PROBLEM DESCRIPTION: Copy, word for word, the lines below from the one containing "Now let's get" up to and including the one containing "The parietal lobe", with pictures left out.

Collected data entries:
§

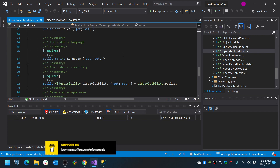Data annotations are basically attributes that you mark your properties with, and those attributes will validate specific things. You have the Required attribute for specifying that a field is required, the StringLength attribute to specify the maximum length of a string, the Range attribute to specify the range a numeric value will allow, and there are URL attributes and other kinds of attributes. You can also create your own custom attributes to validate additional things.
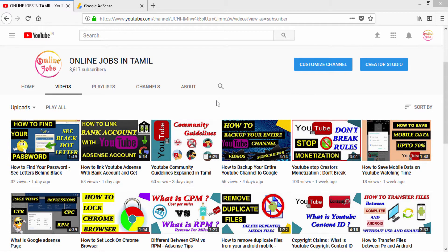Hello friends, welcome to Anjanjobs and Tami. In this video, we will add bank details, and we will also edit or remove the bank details.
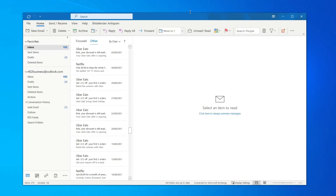Now let's get straight into this. We're going to start by adding our signature to the Outlook version which is downloaded on our computer, and then in the second half of this video I'll show you how to do it with the Outlook web version.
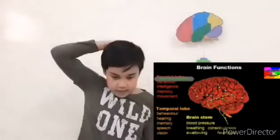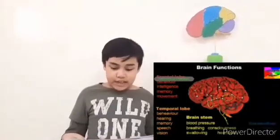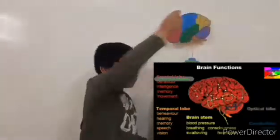The parietal lobe is behind the frontal lobe. Its functions include intelligence, language, reading, and sensation. The occipital lobe is at the back of the brain. Its function relates to vision.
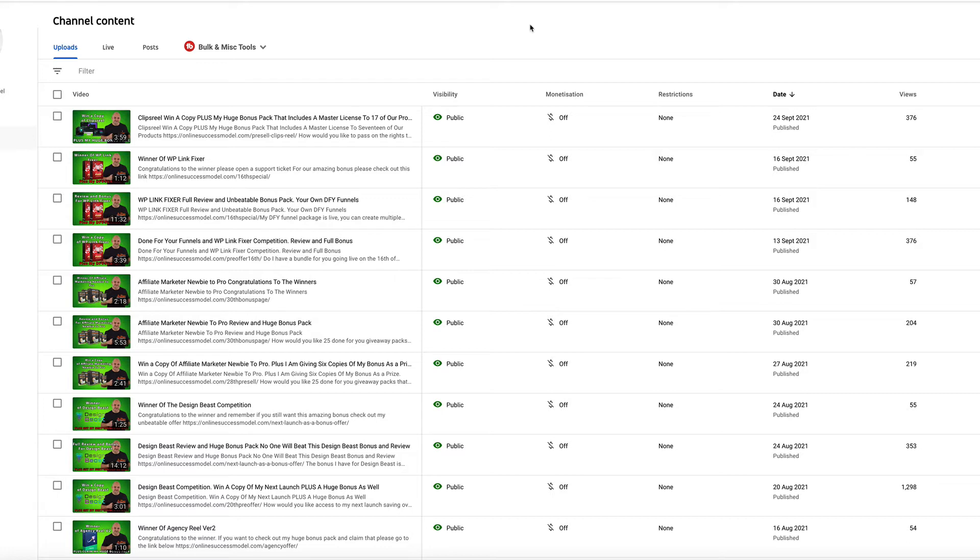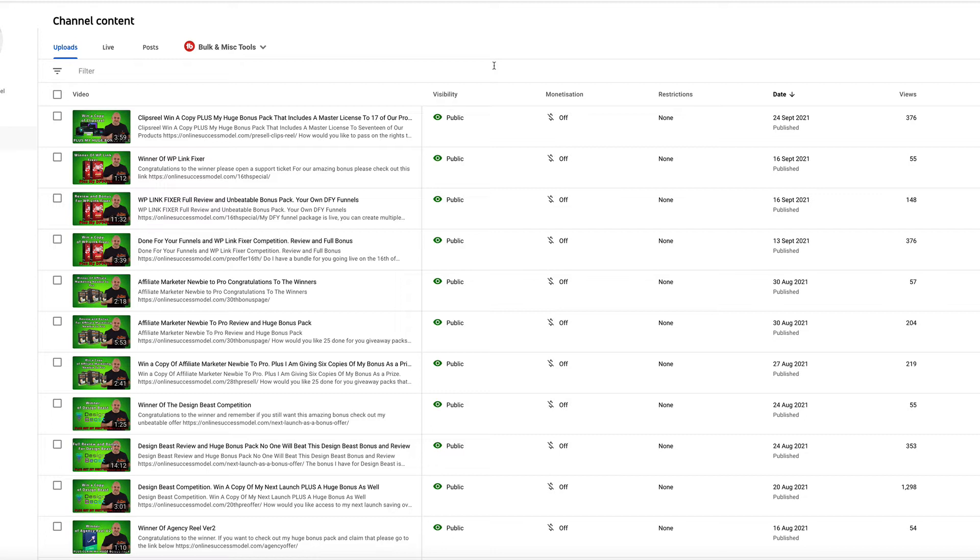Now as always there can only be one winner, so if you're not lucky enough to win, please check out the description below. You'll see a link to the bonus page. That bonus page goes live at 11am EST on the 28th of September. So if you still want Clips Reel and my unique and huge bonus, you need to check that out and it'll take you to the bonus page.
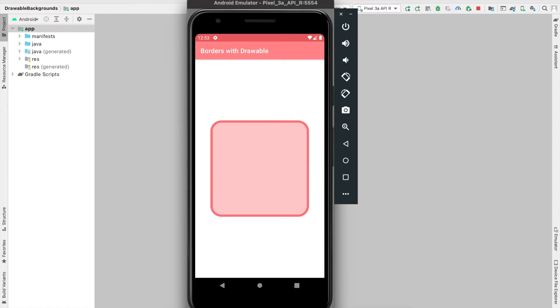In this tutorial, you'll learn how to create a drawable file that defines the shape, background color, and border for your UI elements.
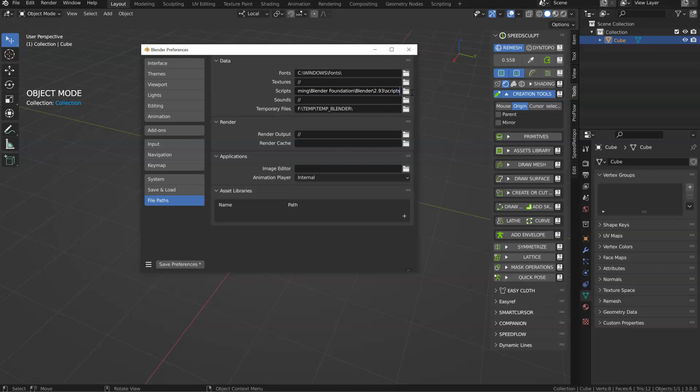I will just add a backslash to be sure, like that. And I will save my preferences.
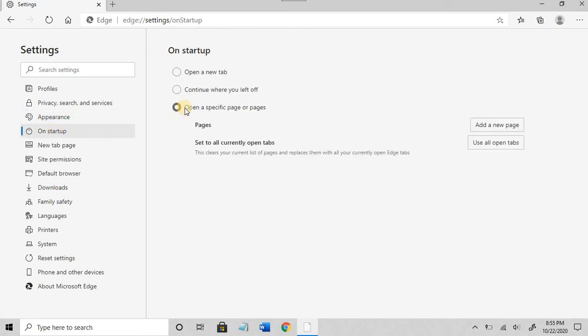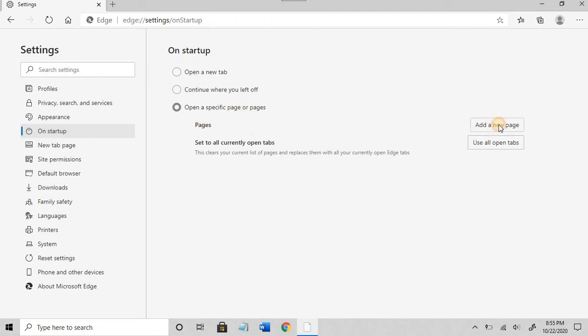Select the third option, open a specific page or pages. Click on the add a new page button.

§

REPLY TO THE EXERCISE:
Now let's get straight into this. We're going to start by adding our signature to the Outlook version which is downloaded on our computer, and then in the second half of this video I'll show you how to do it with the Outlook web version.
The parietal lobe is behind the frontal lobe. Its functions include intelligence, language, reading, and sensation. The occipital lobe is at the back of the brain. Its function relates to vision.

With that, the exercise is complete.